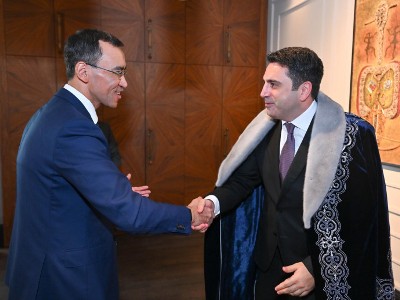 Ղազախստանի խորհրդարանի Սենատի նախագահի կողմից ստացա ղազախական ազգային տարազ՝ շապան. Ալեն Սիմոնյան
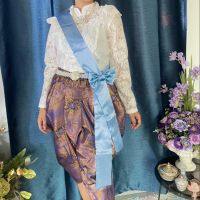 Siamoutfit สายสะพาย ชุดไทย - สีฟ้า สายคาดชุดไทย ฟรีไซส์ยาว 68 นิ้ว ผ้าสายสะพาย พร้อมโบว์ สไบ สายคาดเสื้อลูกไม้ (ราคาเฉพาะสายสะพาย) Sa bai, Sash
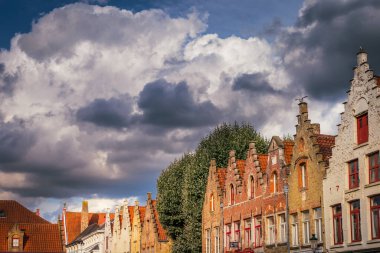 Bruges Flaman mimarisi güneşli bir günde Belçika 'da cephe inşa ediyor.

YOUR INSTRUCTIONS: In repeating the lines above, keep the wording exact and leave every picture out.

EXERCISE RESPONSE:
 Ղազախստանի խորհրդարանի Սենատի նախագահի կողմից ստացա ղազախական ազգային տարազ՝ շապան. Ալեն Սիմոնյան
 Siamoutfit สายสะพาย ชุดไทย - สีฟ้า สายคาดชุดไทย ฟรีไซส์ยาว 68 นิ้ว ผ้าสายสะพาย พร้อมโบว์ สไบ สายคาดเสื้อลูกไม้ (ราคาเฉพาะสายสะพาย) Sa bai, Sash
 Bruges Flaman mimarisi güneşli bir günde Belçika 'da cephe inşa ediyor.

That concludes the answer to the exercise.